Entre hommage et mépris des classes.

4 septembre 2019

Si le phénomène de la fast-fashion à encore un impact énorme sur le consommateur, le tournant vers la seconde main a commencé il y a déjà un moment.

Jusqu’alors les boutiques dites «vintage» ne faisaient que s’étendre à la demande croissante du chaland « bourgeois-Bohême » en quête de la pièce rare d’une mode passée ou en plein retour. Plus c’était cher et mieux c’était!

Les friperies à prix cassés étaient jusque là épargnées de la cohue des hipsters chic. Mais désormais prisées par une population aisée qui s'approprie les codes populaires, le pauvre devient chic. Le luxe c’est la rue.

Les friperies comme Kilo Shop, Free'P'Star ou Hippy Market et Guerrisol (enseigne fondée au début des années 2000 visant une population de classe modeste) débordent de monde.
La récupération de la rue passe alors par la popularisation d’un style inspiré du pauvre.
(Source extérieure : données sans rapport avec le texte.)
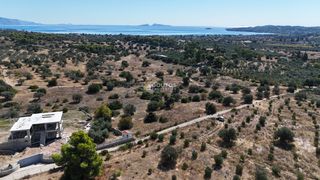 Αγροτεμάχια 4.010 τ.μ. πρός πώληση, Αργολίδα, Κρανίδι-thumb-7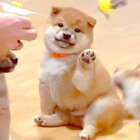 柴犬,Instagram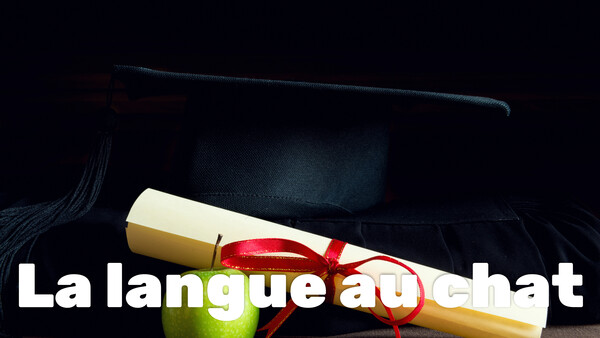 La langue au chat
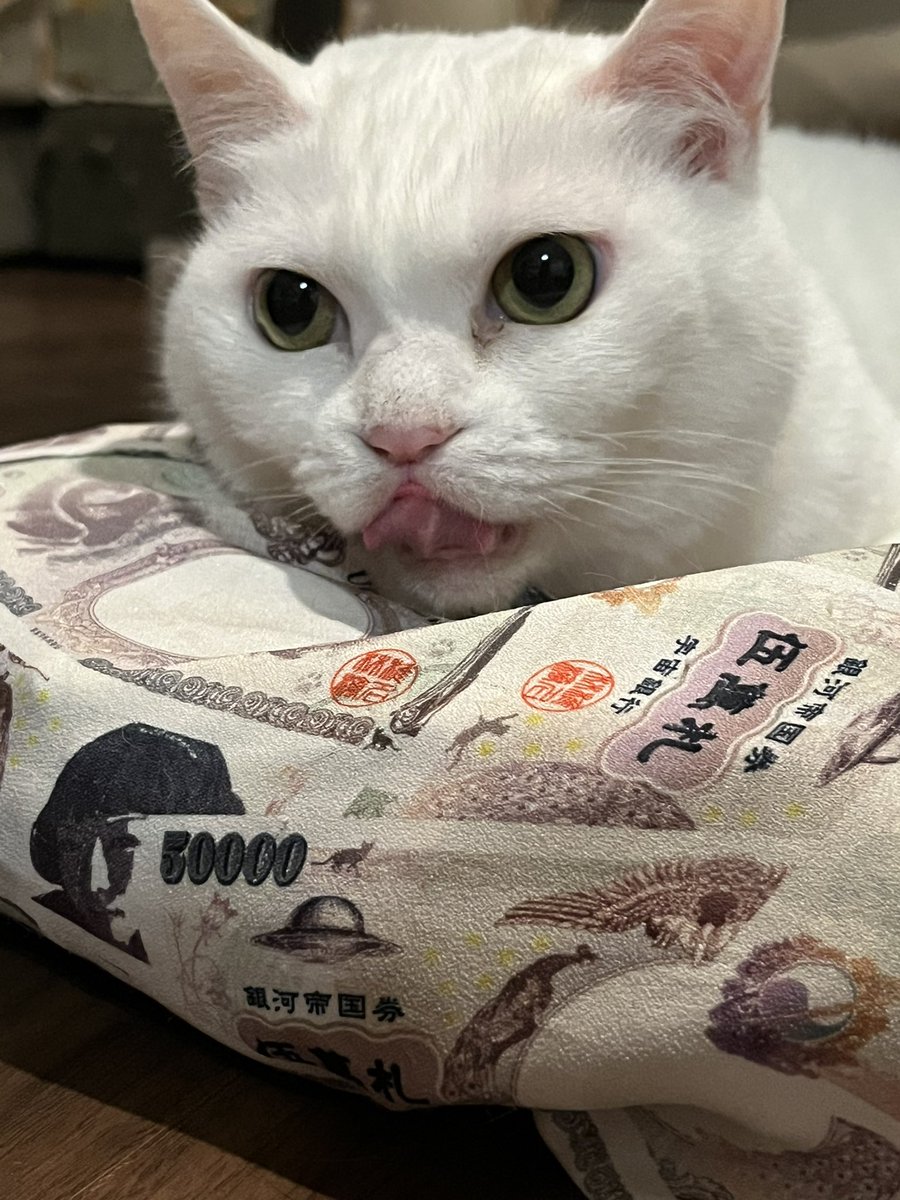 Roma__nee's tweet photo. 💴\伍萬札御満悦/💴 https://t.co/C4IijLb6gd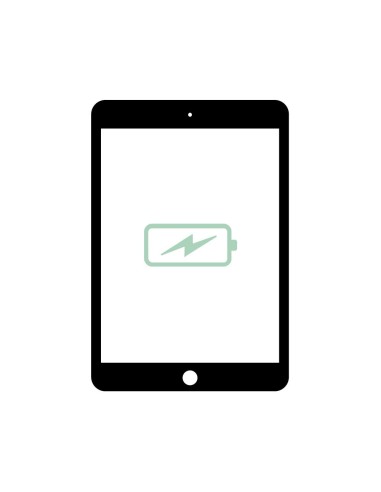 Cambiar Batería iPad Air 1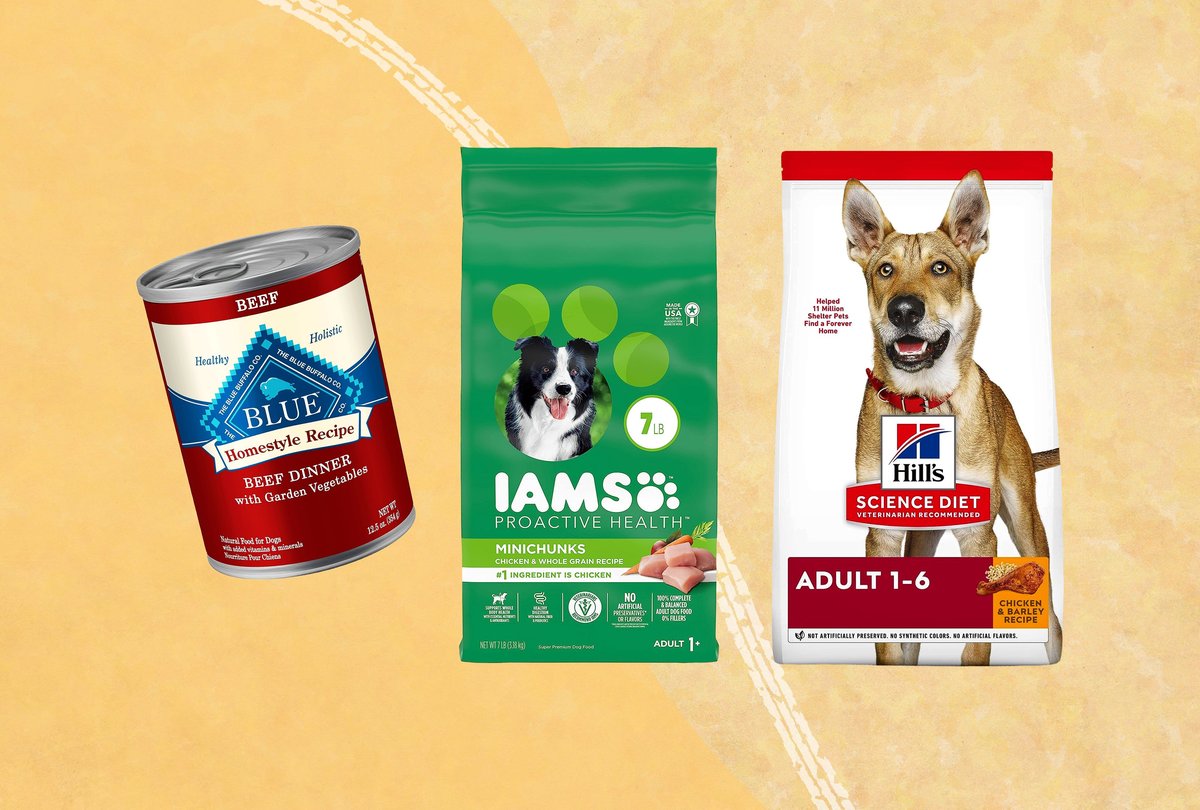 Dog Food Reviews 2024: 9 Best Dog Foods Vets Trust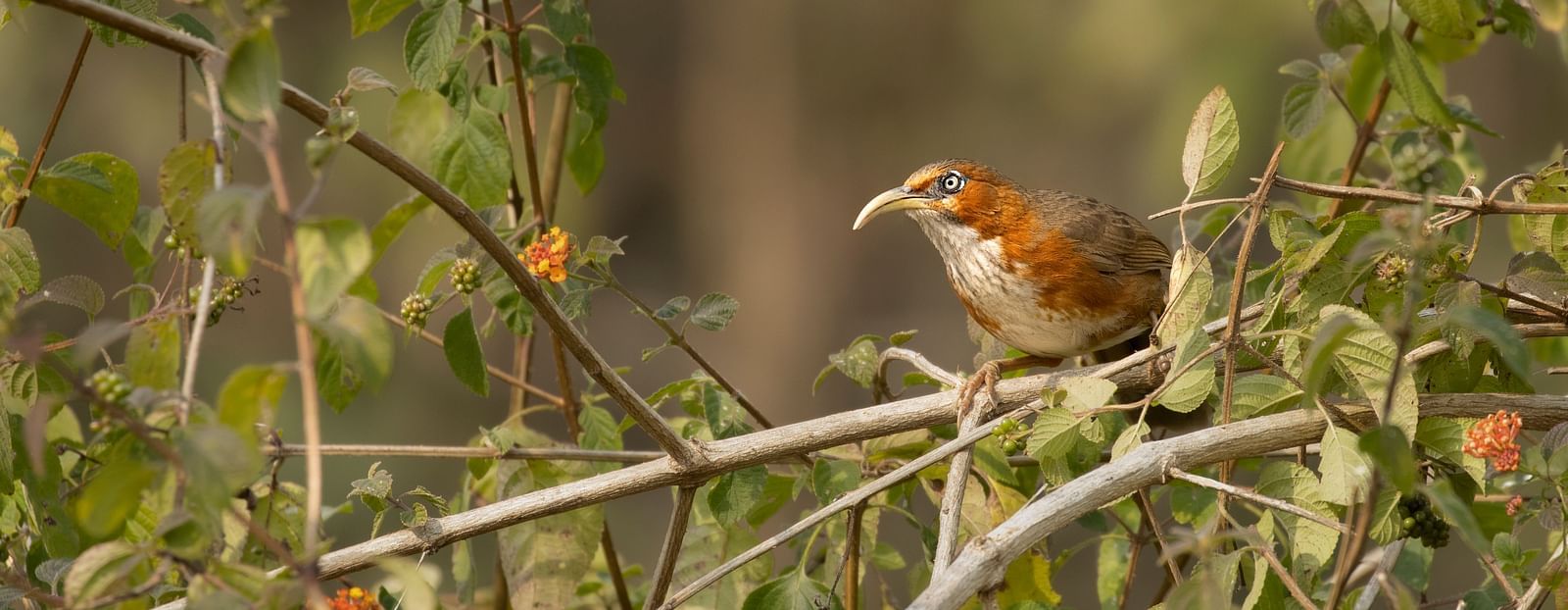 An imagfe featuring a small bird perched on a branch, captured in the daylight.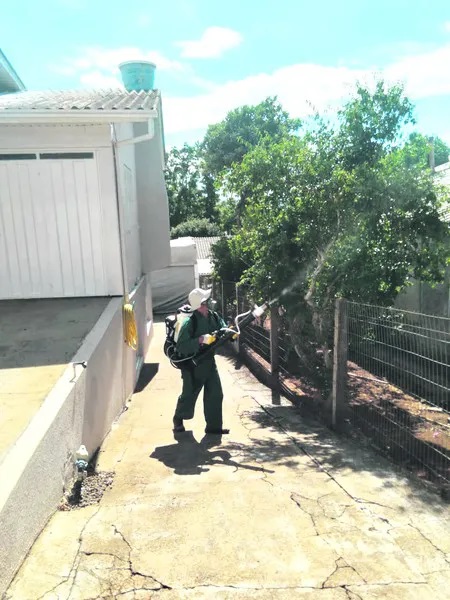 É recomendado o uso de repelente neste momento (Foto:Divulgação)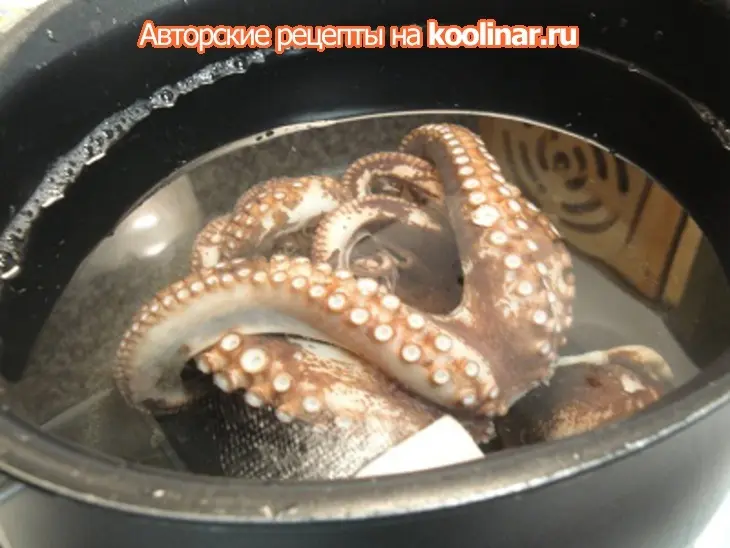 Осьминог с орехами: шаг 4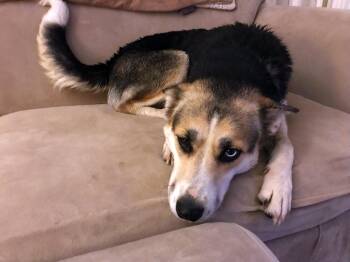 Rescue Siberian Husky and Australian Cattle Dog Blue Heeler Dogs for Adoption in Scottsdale, Arizona - Chloe | PetCurious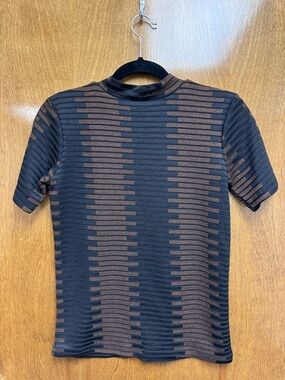 Zara Black and Brown Striped Mesh Short Sleeve Top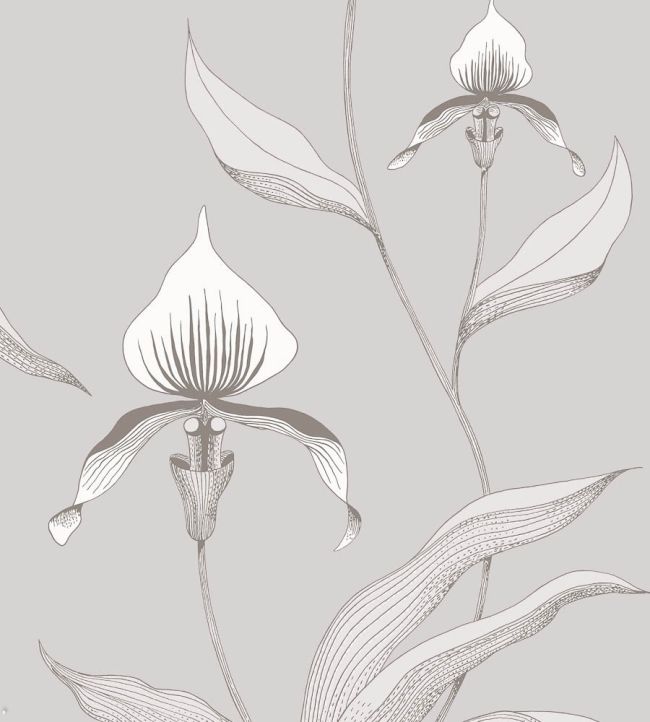 Orchid Wallpaper by Cole & Son 55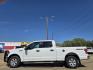 2018 WHITE Ford F-150 XLT (1FTFW1E56JF) with an 5.0L V8 OHV 16V engine, 6A transmission, located at 2660 S.Garland Avenue, Garland, TX, 75041, (469) 298-3118, 32.885551, -96.655602 - Photo#7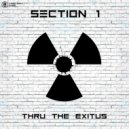 Section 1 - Thru The Exitus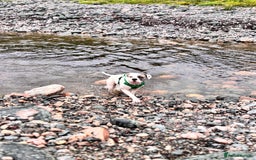 Mixed Breed dogs for sale: Dotty - Image 6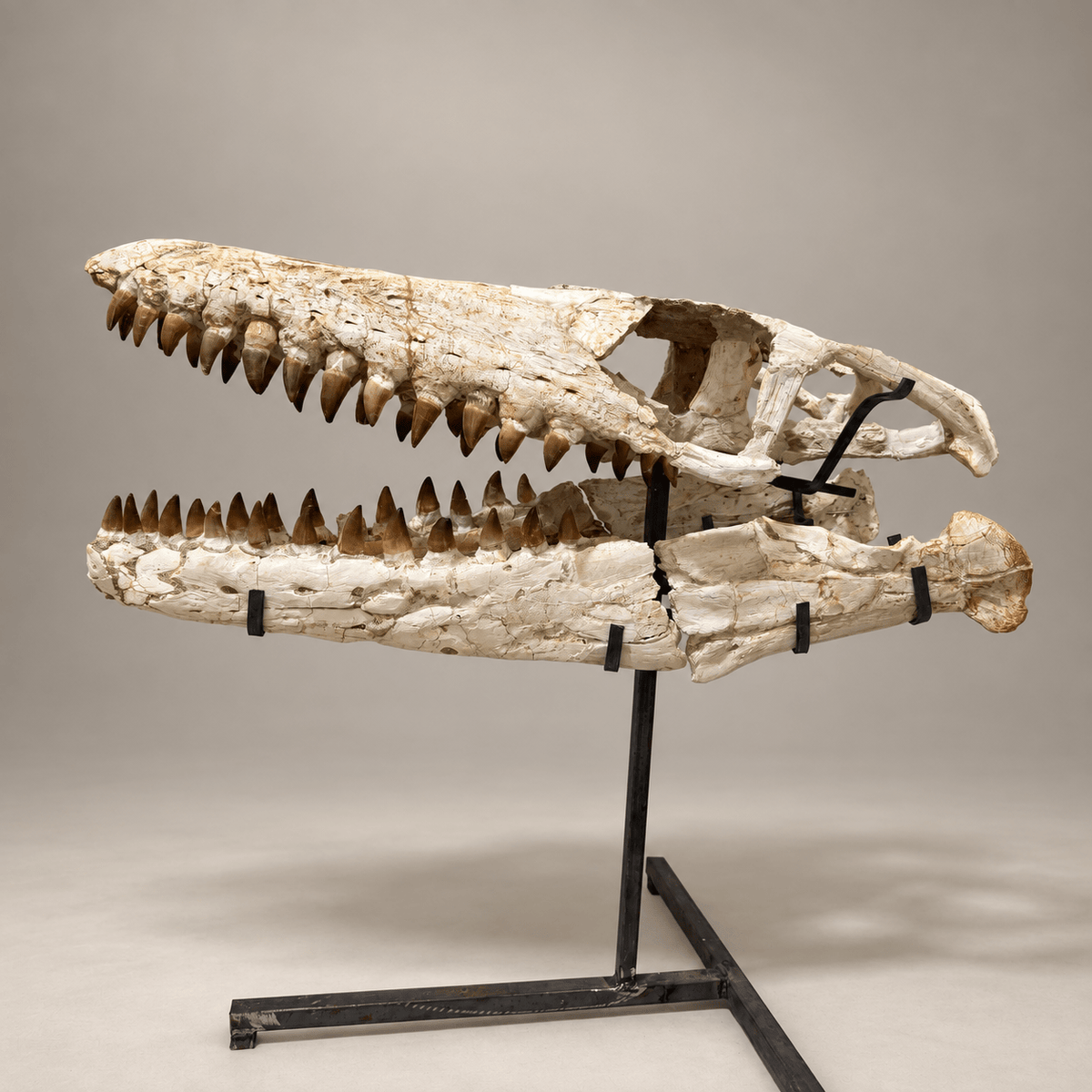 Mosasaur Skull Fossil, 80 cm with Stand – Morocco – PD-MSK-0080 - PaleoDeserts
Le phénomène n’étant pas nouveau. Dans les années 2000, John Galliano avait déjà marqué avec son défilé style «homeless chic»pour Dior, en faisant défiler des mannequins aux allures de SDF. Plus récemment, des marques de luxe sont allées puiser leur inspiration chez les classes populaires.

Défilé Galliano "homeless chic" pour Dior

Le prêt à porter lui a pris le pas d’imiter le luxe et propose depuis un moment maintenant des lignes inspirées directement des défilés de haute couture.
«Le bon goût est devenu tellement démocratique. Tout est plutôt joli, H&M fait des collaborations avec de grands couturiers... tout le monde peut avoir l'air un peu bourgeois le temps d'un selfie. En l’occurrence, le plus grand luxe c'est de penser “je suis tellement au-dessus de cela que je n'en ai plus besoin, je peux mépriser le peuple qui a accès au bon goût”», analyse la journaliste Alice Pfeiffer.

La fast-fashion a perdu de son originalité.

La galère sur les podiums.

Overdose de pierres précieuses, d’or et autres diamants, la mode fatigue du luxe. Elle tente de se renouveler à tout prix pour ne pas se retrouver elle même dépassée. Elle pille sans scrupule les subcultures depuis des décennies. La vérité c’est qu’elle tourne en rond.
Mais si avoir l’air pauvre devient glamour et que la rue inspire la mode, elle a toujours su renouveler ses codes à chaque dépossession. La mode n’aura qu’à suivre.
Et si la tendance actuelle veux que le chaland bourgeois côtoie aujourd’hui les classes modestes dans sa quête d’originalité shopping, elle a l’avantage de rendre fashionable le marché de la seconde main, quelque peu plus humain que celui de la fast-fashion.